The goal here is an exact copy of the entries below, without their pictures.

[Stored items]
◆ ◆ ◆ ◆ ◆
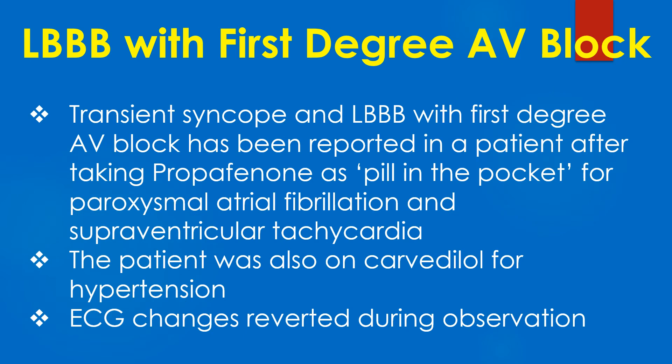Transient syncope and LBBB with first-degree AV block has been reported in a patient after taking propafenone as a pill-in-the-pocket for paroxysmal atrial fibrillation and supraventricular tachycardia. The patient was also on carvedilol for hypertension. ECG changes reverted during observation.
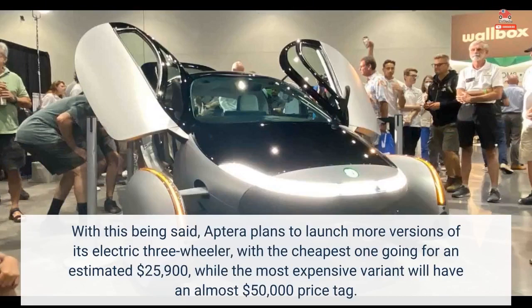Aptera plans to launch more versions of its electric three-wheeler, with the cheapest one going for an estimated $25,900, while the most expensive variant will have an almost $50,000 price tag.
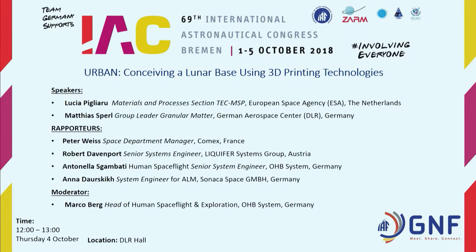Ladies and gentlemen, I'm happy to see so many persons here in the room. Thank you for coming to this Global Networking Forum. The name of the Global Networking Forum is Conceiving a Lunar Base Using 3D Printing Technologies.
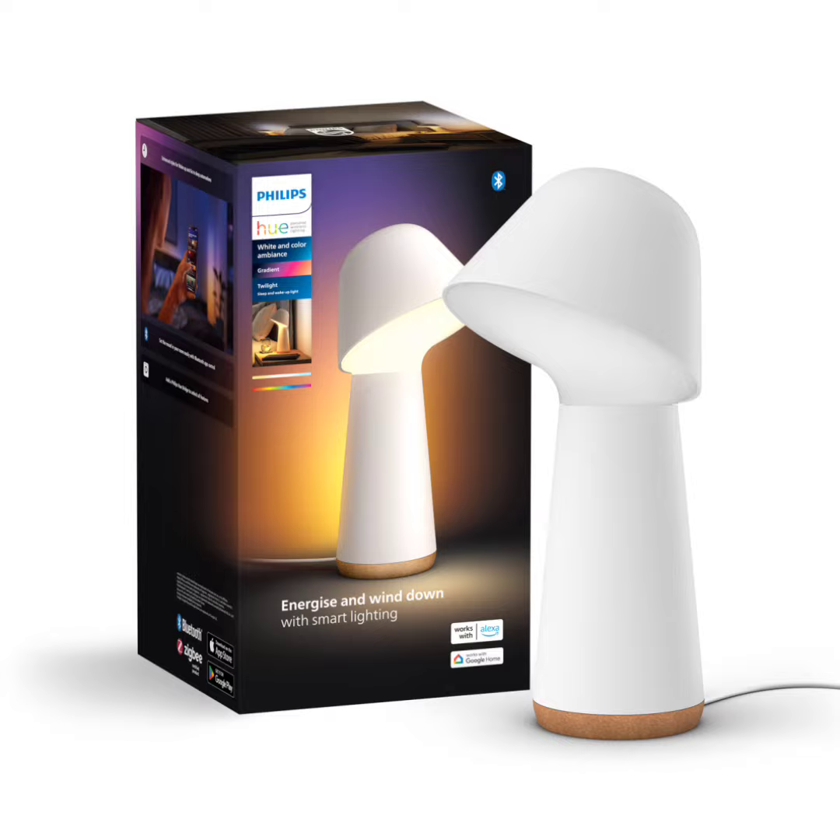It also offers ultra-low dimming and custom wake-up and sleep automation. The new Philips Hue Twilight Desk Lamp is designed to provide optimized lighting support that is aligned with the human body's natural circadian rhythm.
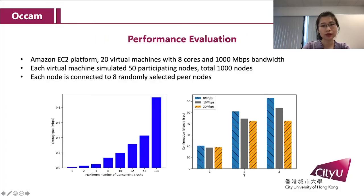Finally, we test Alchem on the Amazon EC2 platform. Performance is obtained by 1000 simulated nodes, and each node is connected to 8 randomly selected peer nodes. As the number of parallel blocks increases, Alchem's throughput increases exponentially. The larger the bandwidth, the shorter the confirmation latency.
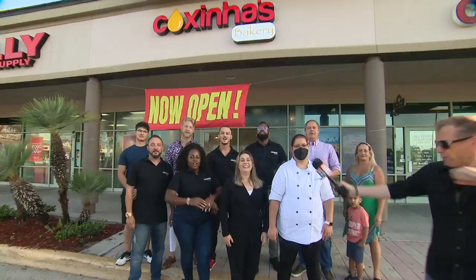Hi everybody! In case you missed me on Good Day this morning, we are live in West Orlando featuring the brand new Cochina's Bakery!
◆ ◆ ◆ ◆ ◆
* [Solution below]:
Transient syncope and LBBB with first-degree AV block has been reported in a patient after taking propafenone as a pill-in-the-pocket for paroxysmal atrial fibrillation and supraventricular tachycardia. The patient was also on carvedilol for hypertension. ECG changes reverted during observation.
Aptera plans to launch more versions of its electric three-wheeler, with the cheapest one going for an estimated $25,900, while the most expensive variant will have an almost $50,000 price tag.
Ladies and gentlemen, I'm happy to see so many persons here in the room. Thank you for coming to this Global Networking Forum. The name of the Global Networking Forum is Conceiving a Lunar Base Using 3D Printing Technologies.
It also offers ultra-low dimming and custom wake-up and sleep automation. The new Philips Hue Twilight Desk Lamp is designed to provide optimized lighting support that is aligned with the human body's natural circadian rhythm.
Finally, we test Alchem on the Amazon EC2 platform. Performance is obtained by 1000 simulated nodes, and each node is connected to 8 randomly selected peer nodes. As the number of parallel blocks increases, Alchem's throughput increases exponentially. The larger the bandwidth, the shorter the confirmation latency.
Hi everybody! In case you missed me on Good Day this morning, we are live in West Orlando featuring the brand new Cochina's Bakery!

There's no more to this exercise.